When one mentions Dorothy Day, one thinks automatically of the Catholic Worker Movement, the religious organization that she founded to help alleviate poverty and injustice. But few people know that Dorothy Day was also a committed suffragist who endured torture and mistreatment at the hands of the jailors in Occoquan Prison in Virginia after being arrested for picketing the White House. Hers was a life-long quest for justice and equality that took her from the rubble of the San Francisco earthquake in 1906 to the slums of Calcutta, Rome and New York.
Dorothy Day was born in 1897 in Brooklyn, New York, third in a family of five children. Her father was a sportswriter, her mother a homemaker. When Dorothy was six years old her father moved the family to San Francisco where he had been offered a job, but their time there was short-lived. The earthquake of 1906 destroyed the paper where he worked, and he then moved the family to Chicago, and later back to New York.
Dorothy attended the University of Illinois, and it was there that she began to be concerned about the gap between rich and poor. She left the University and took a job writing for The Call, a Socialist newspaper where she published articles describing the plight of the destitute in the New York City’s tenements and slums.
It was during a visit to Washington DC in 1917 that she was inspired to join the White House pickets. When she protested the treatment of imprisoned suffragists she was arrested herself, and sentenced to thirty days in the dreaded Occoquan prison. In her book Jailed for Freedom, Doris Stevens recounts:
“I saw Dorothy Day brought in. She is a frail girl. The two men handling her were twisting her arms above her head. Then suddenly they lifted her up and banged her down over the arm of an iron bench – twice.”

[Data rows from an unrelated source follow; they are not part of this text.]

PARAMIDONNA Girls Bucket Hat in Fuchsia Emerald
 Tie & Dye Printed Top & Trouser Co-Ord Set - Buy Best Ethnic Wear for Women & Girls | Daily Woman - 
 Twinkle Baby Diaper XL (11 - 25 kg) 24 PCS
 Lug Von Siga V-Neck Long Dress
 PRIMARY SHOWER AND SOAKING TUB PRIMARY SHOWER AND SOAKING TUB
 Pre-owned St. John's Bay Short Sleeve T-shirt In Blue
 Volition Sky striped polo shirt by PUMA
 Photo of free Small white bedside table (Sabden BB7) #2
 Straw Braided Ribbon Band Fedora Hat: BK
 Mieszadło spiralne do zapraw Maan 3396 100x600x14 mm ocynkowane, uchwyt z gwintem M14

After suffrage was achieved, Dorothy became a Catholic and went on to devote her life to fighting injustice and providing help for the poor and downtrodden. She and her colleague Peter Maurin founded the Catholic Worker Movement, published the Catholic Worker newspaper, and established farms and homes where the poor could find housing and work. Her work was not without controversy; she was later accused of being a Communist and frequently protested the government testing of atomic weapons and the Vietnam War. But she lived the tenets of her faith, even when they were unpopular, and eventually became revered; there has even been talk of canonization by the Catholic Church, a concept she scorned. “Don’t call me a saint,” she once said, “I don’t want to be dismissed so easily.”